Supplied entries Block Start

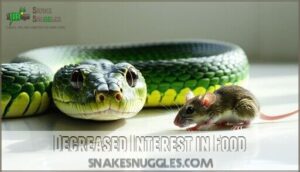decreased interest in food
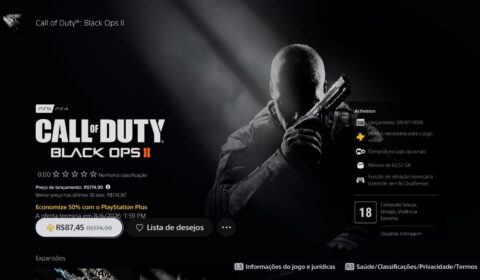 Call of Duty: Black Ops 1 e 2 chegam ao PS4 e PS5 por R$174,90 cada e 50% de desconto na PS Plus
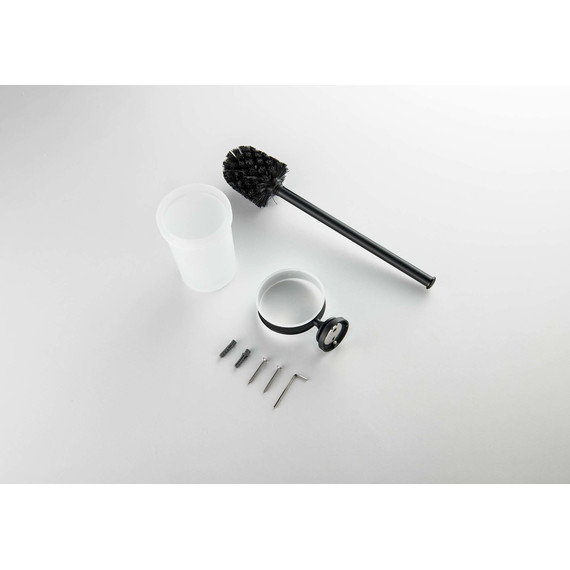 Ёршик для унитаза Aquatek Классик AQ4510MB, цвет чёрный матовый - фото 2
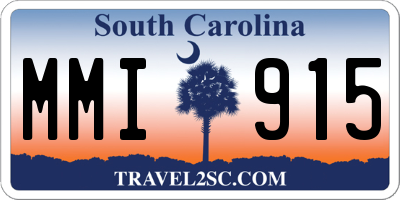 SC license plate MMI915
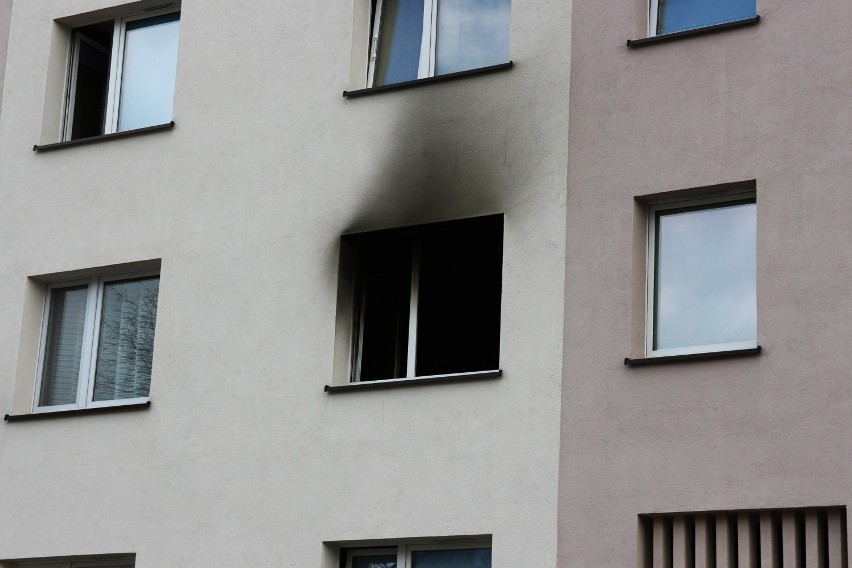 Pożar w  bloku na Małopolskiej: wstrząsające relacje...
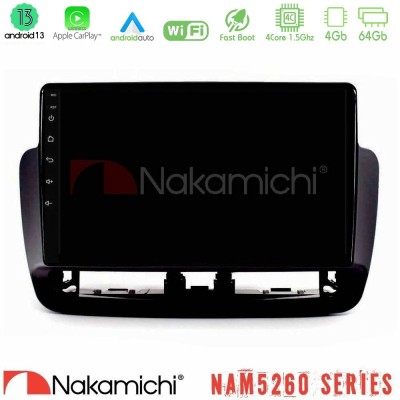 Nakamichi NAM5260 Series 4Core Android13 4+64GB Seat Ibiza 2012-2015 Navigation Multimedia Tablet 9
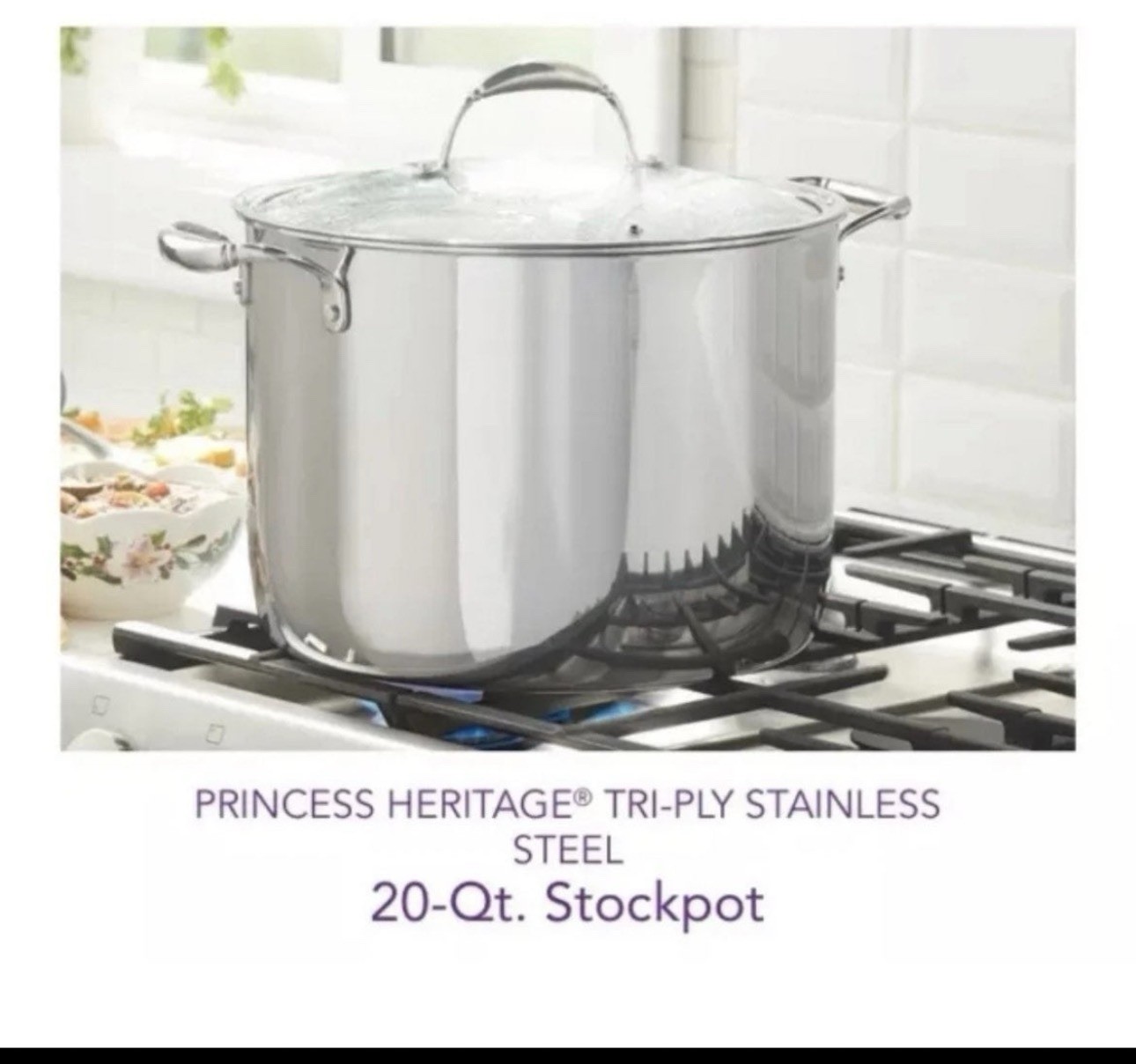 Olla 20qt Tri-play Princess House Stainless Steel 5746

Supplied entries Block End
Supplied entries Block Start

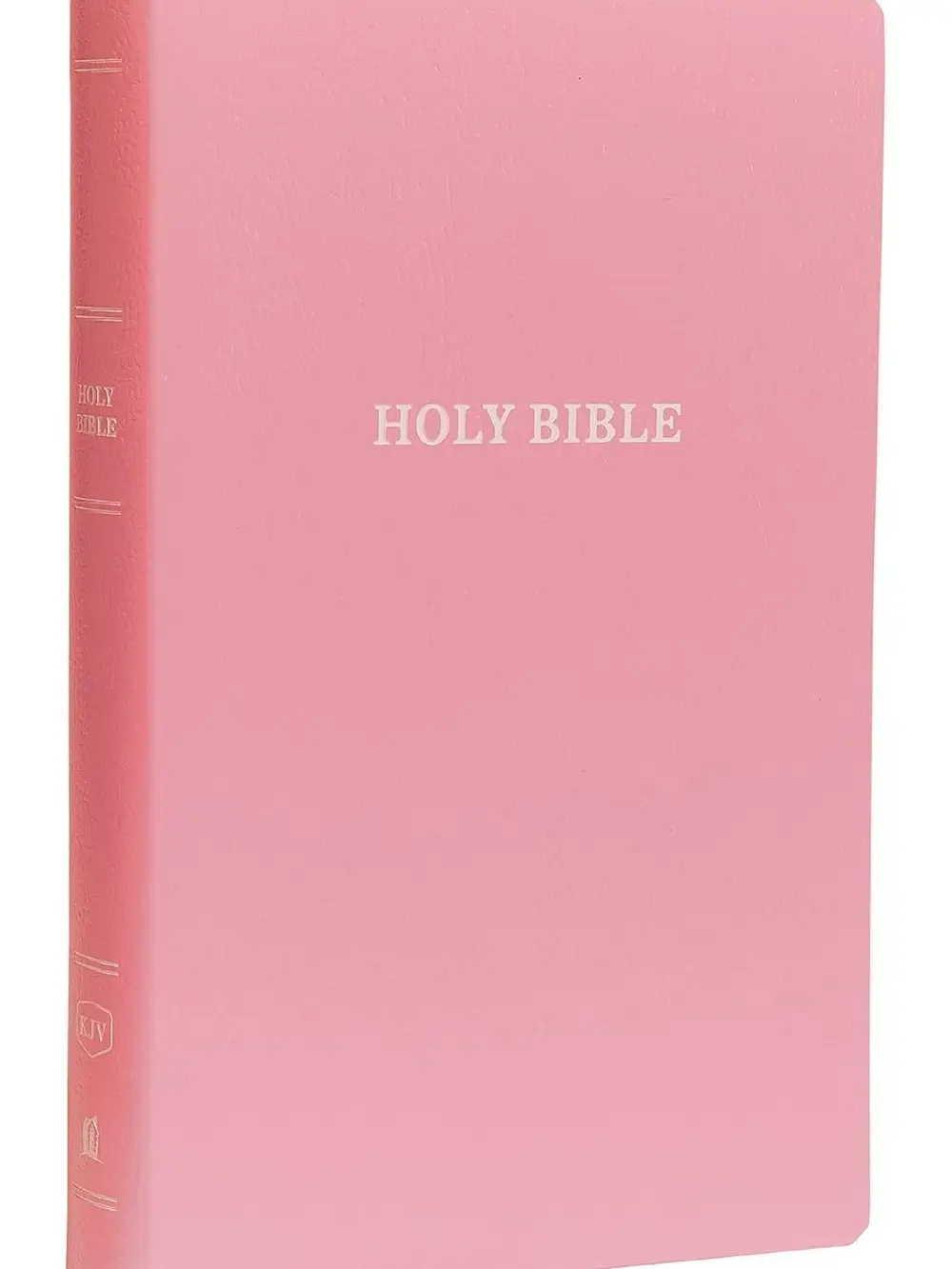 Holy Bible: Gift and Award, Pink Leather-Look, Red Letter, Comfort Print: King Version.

Supplied entries Block End

-- What is needed --
A verbatim reproduction is expected: starting at the line above that has "decreased interest in food", ending at the line that has "Nakamichi NAM5260 Series", both included, and with no pictures and no other lines.

-- Solution to the problem --
decreased interest in food
 Call of Duty: Black Ops 1 e 2 chegam ao PS4 e PS5 por R$174,90 cada e 50% de desconto na PS Plus
 Ёршик для унитаза Aquatek Классик AQ4510MB, цвет чёрный матовый - фото 2
 SC license plate MMI915
 Pożar w  bloku na Małopolskiej: wstrząsające relacje...
 Nakamichi NAM5260 Series 4Core Android13 4+64GB Seat Ibiza 2012-2015 Navigation Multimedia Tablet 9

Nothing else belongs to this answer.